エディ・スリマンの退任

2016年4月1日、2012年のクリエイティブ・ディレクター就任から4年間にわたり、独自のロックスタイルとヴィジュアル戦略でブランドに新たな風を吹き込み、メゾンの歴史に大きな変革をもたらしたエディ・スリマンの退任が発表されました。 エディはサンローランでのラストコレクションとして、2016年秋冬のメンズコレクションでは、ロサンゼルスのロックの殿堂ハリウッド・パラディウムにて集大成のようなスタイルを存分に披露した一方、2016年秋冬ウィメンズコレクションでは、約3年の年月をかけて完成させたクチュールハウスにて、ムッシュ・イヴ・サンローランによるクチュールショーのような演出をしました。
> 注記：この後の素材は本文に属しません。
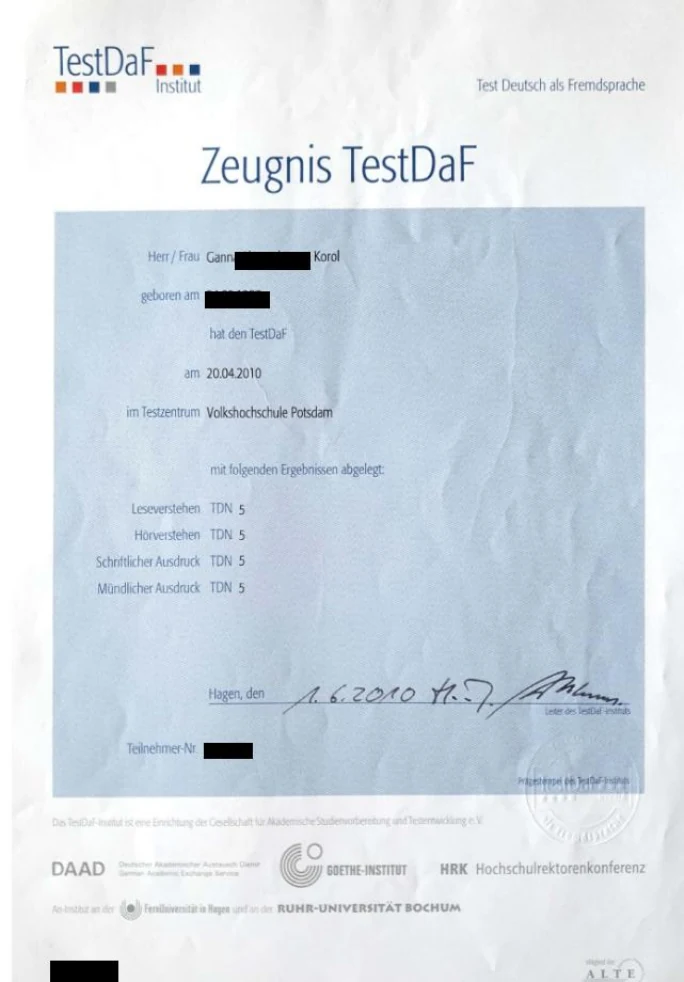 TestDaF-Zeugnis TDN 5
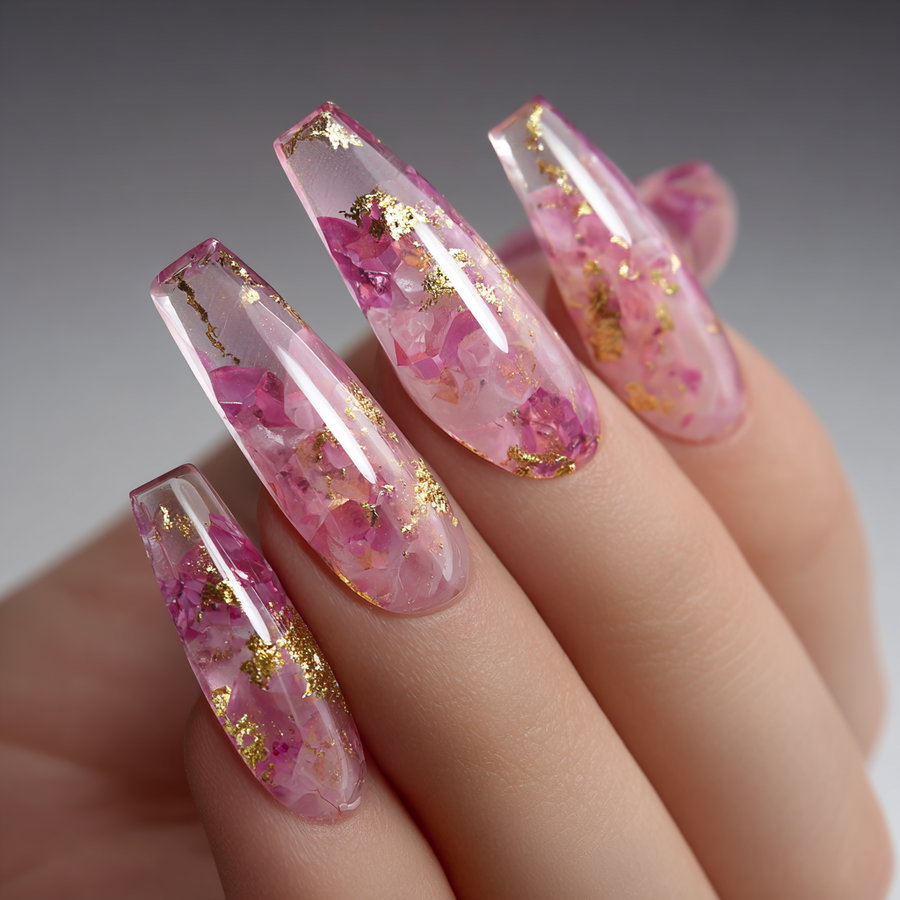 Close-up of hand showing long square-shaped nails with transparent pink nail art featuring embedded pink floral elements and gold leaf accents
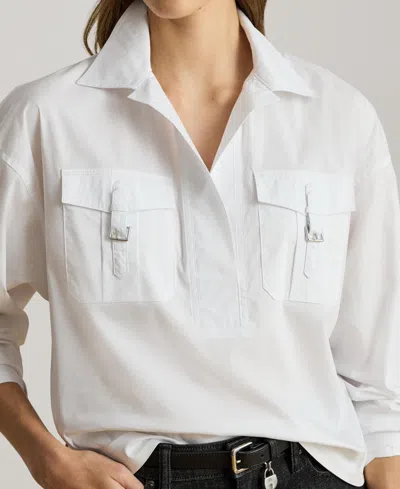 Ralph Lauren Women's Buckle-trim Cotton-blend Shirt In White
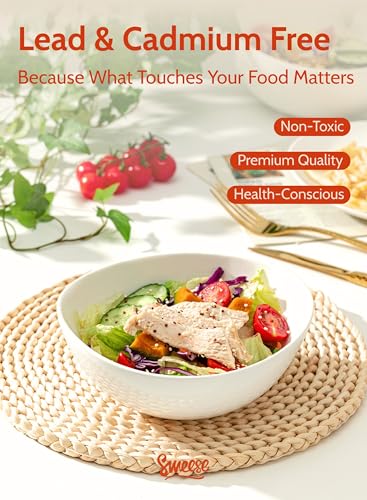 Sweese 28 oz Large White Porcelain Bowls - Set of 6 Salad, Pasta, Soup & Serving Bowls, Big Ceramic Dinner Bowls - color: White, style: Large (28 oz)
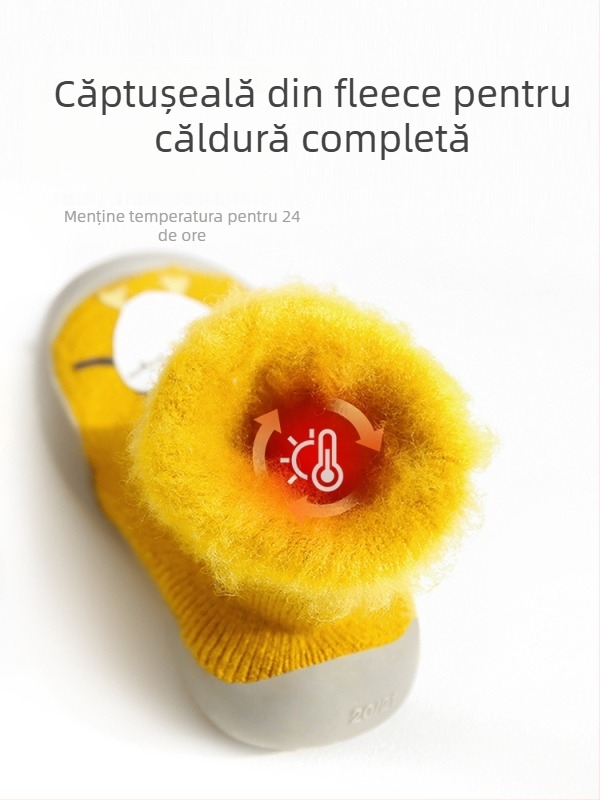 Șosete de podea pentru copii, talpă antiderapantă, material acrilic, căptuțite cu fleece, groase, pentru interior și exterior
4年間の間、サンローランの世界観を大事にしながらモダンな息吹を吹き込んだ、エディらしい最後を飾ったと言えるでしょう。

後任アンソニー・ヴァカレロ

そして後任には、かねてから噂となっていた、ヴェルサス・ヴェルサーチのクリエイティブ・ディレクターを務めていたアンソニー・ヴァカレロが就任することになりました。 日本ではまだ馴染みのないデザイナーではありますが、エディの後任として今後間違いなく注目されるアンソニー・ヴァカレロとは一体どういった人物なのでしょう。 アンソニー・ヴァカレロは1982年、イタリア人の両親の元、ベルギーのブリュッセルで生まれます。学生時代は法律学校で過ごした経験を持つなど、学術的な道を歩んできました。 その後、芸術に魅力を感じるようになったヴァカレロは、美術とデザインにおいてベルギー屈指の教育機関である、ブリュッセルのベルギー国立ラ・カンブル視覚芸術高等専門学校に入学し、彫刻の勉強を始めます。 卒業後の2006年、フランスのイエール国際モードフェスティバルにて大賞を受賞します。 そこでカール・ラガーフェルドの目に留まり、フェンディのデザインチームにて2年ほど経験を積むことになります。 2008年独立をし、パリに拠点を移し、自身のブランド、アンソニー・ヴァカレロをスタートさせ、2011年にパリのファッションウィークデビューを果たします。

ヴェルサス・ヴェルサーチとのコラボの成功

2014年には、コラボレーションデザイナーとしてヴェルサス・ヴェルサーチ(ヴェルサーチのセカンドライン)のカプセルコレクションをニューヨークで発表します。 このコレクションは発売直後に完売し、話題となりました。 そしてこの成功をきっかけに、2015年秋冬シーズンより、ヴェルサーチのアーティスティック・ディレクターであるドナテッラ・ヴェルサーチの監修の下、ヴェルサス・ヴェルサーチのアクセサリーを含むメンズ、ウィメンズの両ラインを担当するクリエイティブデザイナーに就任します。 そして、エディ退任報道から3日後の2016年4月4日、サンローランのクリエイティブ・ディレクターへの就任が発表され、同時にヴェルサス・ヴェルサーチの退任も発表されました。

ヴァカレロによる新生サンローラン

ヴァカレロが手掛けるサンローランのコレクションは、10月に開催される2017年春夏ウィメンズ・パリファッションウィークで初めて披露される予定となっています。 ヴァカレロは、ヴェルサーチのドナテッラ・ヴェルサーチが、セクシーでダイナミックかつ大胆さも持つヴァカレロのデザインに感銘をし、ヴェルサス・ヴェルサーチの舵取りを任せたほどのデザイナーです。 シャープなテーラリング技術と独特なカッティング技術を併せ持ち、ヴェルサーチの特徴を生かしながら、ボディラインの形を活かしたスタイルや、フレッシュな露出が多いスタイルなどを多く発表し、高い評価を得てきました。 サンローランにおいてもメゾンの代表的な特徴を生かしながら、そのシャープなテーラリング技術を存分に活かし、自分らしい形を作り上げていくことでしょう。 全世界が注目するヴァカレロの手掛ける新生サンローランはこの秋最大の話題となるに違いありません。